Partial transcript as follows:
TODD: Richard Engel returned last night from a trip to El Salvador where he reported why people are willing to risk this dangerous journey and family separation to come to the United States, and Richard joins me now from Seaside, California, where we made him stop here to get on our show. Richard, thanks very much. Let me start with this. Normally I’m talking to you and you’re in a war zone somewhere, maybe you’re in Syria, maybe you’re in North Africa or maybe somewhere in Asia, but here you are in Central America. Does it feel like the war zones you cover when you cover the war?
ENGEL: It felt very much like a war zone, a low-grade war zone and there were places in El Salvador where you can’t go, and where the police and government don’t feel safe to go.
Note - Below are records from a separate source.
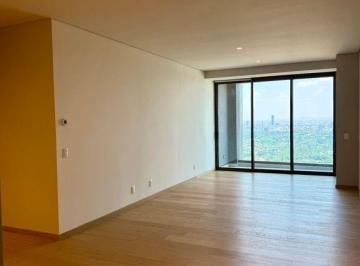 Departamento · 140m² · 2 Recámaras · 2 Estacionamientos · Departamento Renta Torre Landmark Reserve Piso 27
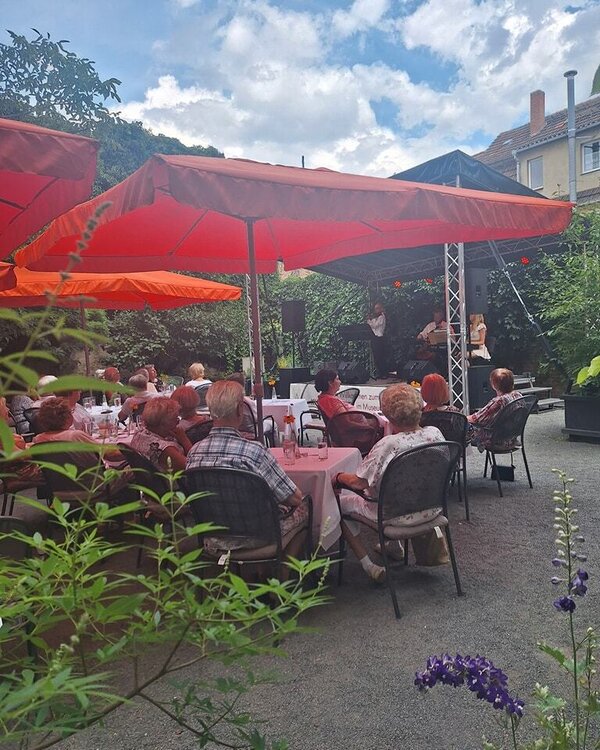 Bild vergr&ouml;&szlig;ern: Der Kultursommer im Museumshof Aschersleben bietet ein abwechslungsreiches Programm.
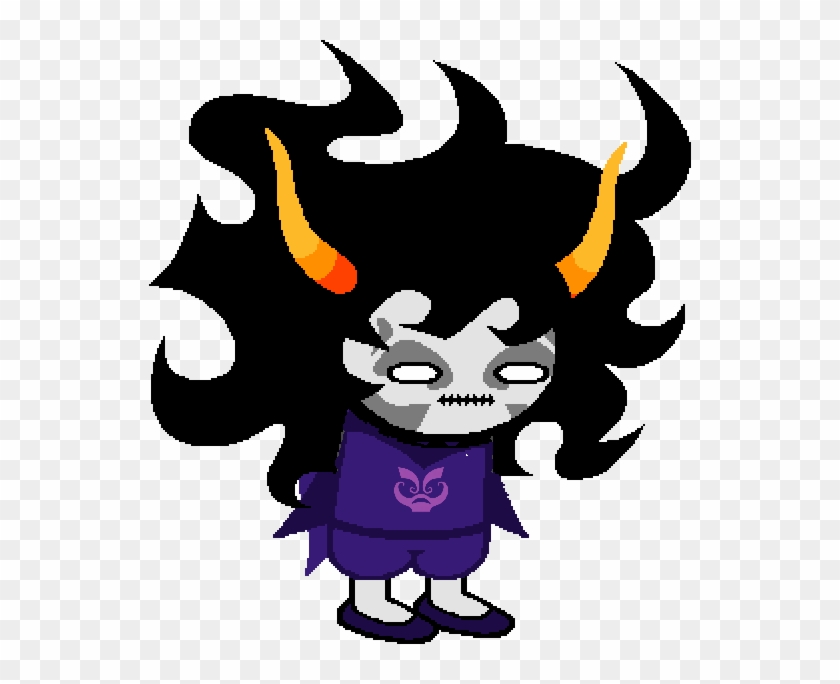 Kurloz Godtier - Homestuck Trolls Dancestors #1080131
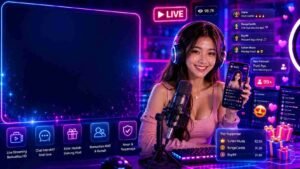 Read more about the article Hot51 Aplikasi Hiburan: Panduan Lengkap Menikmati Live Streaming Interaktif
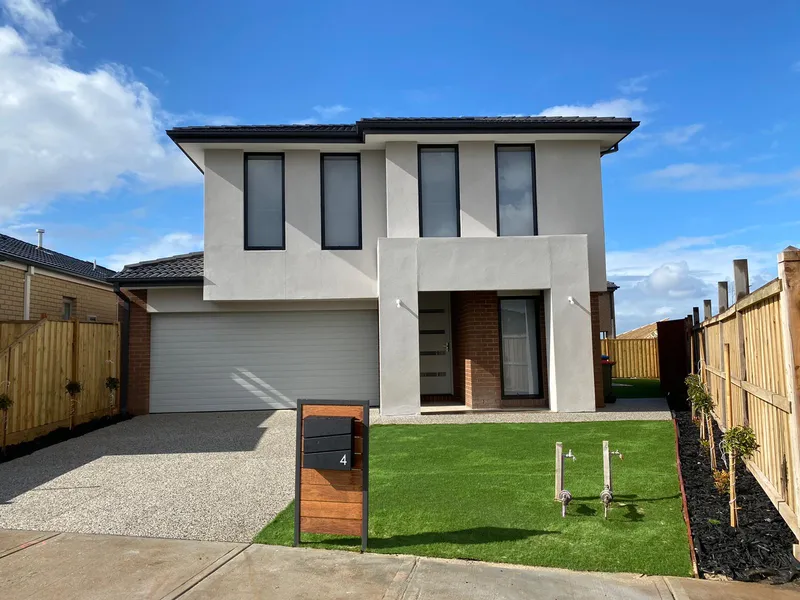 Amazing Double Storey House in the Elements State!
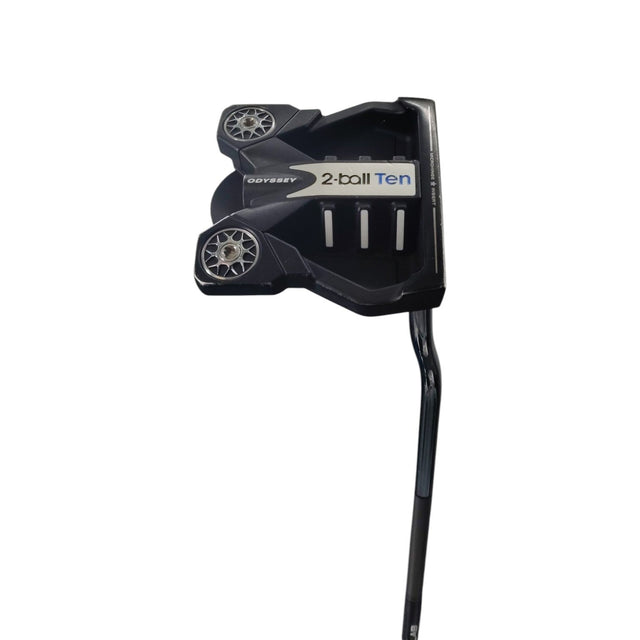 Odyssey 2-Ball Ten Putter - One Golf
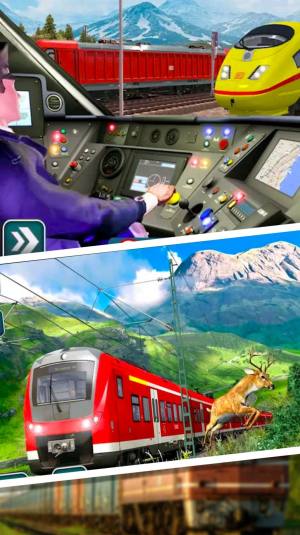 真实火车模拟器手机版图3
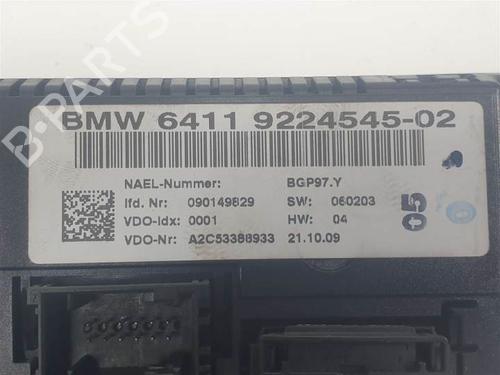 Climate control BMW 1 (E87) 116 d | BP10964115I5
We’re talking about a population of 100,000 active gang members and when you have that many people with guns and when you have a government that doesn’t feel in control of the capital city, then you’re having a war zone dynamic. People we talked to said they’re afraid to go out in the countryside. When they do, they see gang members carrying their weapons openly. There are gang checkpoints stopping you, asking you where you’re from and what affiliation you have and if they don’t like your answers they will kill you and drop you in the street. We went to a prison and met very hard-core gang members and one of them bragged to us that he’d killed 35 people just himself and when you have that number of dangerous people who feel that emboldened, it is not surprising that people want to leave the country and seek different opportunities and don’t want their children to get sucked into the gang life and have them become the next generation of killers or victims.
TODD: In some ways you’ve spent way too much time in Syria for us at NBC. Compare the story in El Salvador. How much of that country are they actually governing and how much of it are the gangs in charge of? Is it like Syria where you had parts of the country governed by certain entities?
ENGEL: Well, not just the 100,000 people or so who are active gang members, there are some estimates that you have to multiply that number by five or ten to get the real number of people who are actually affiliated with gangs, supported with gangs, make their livelihood with gangs, and this is a small country, El Salvador. We’re only talking 6.5 million people. That is roughly one in ten people there is either a gang member or makes their livelihood from a gang member. We’re talking about 10% of the population, just of the population living outside the law, and this is a population that is armed. So they are able to control and exert their will over a lot more of the percentage than that. So there are large parts of the country that are not fully under the government’s control.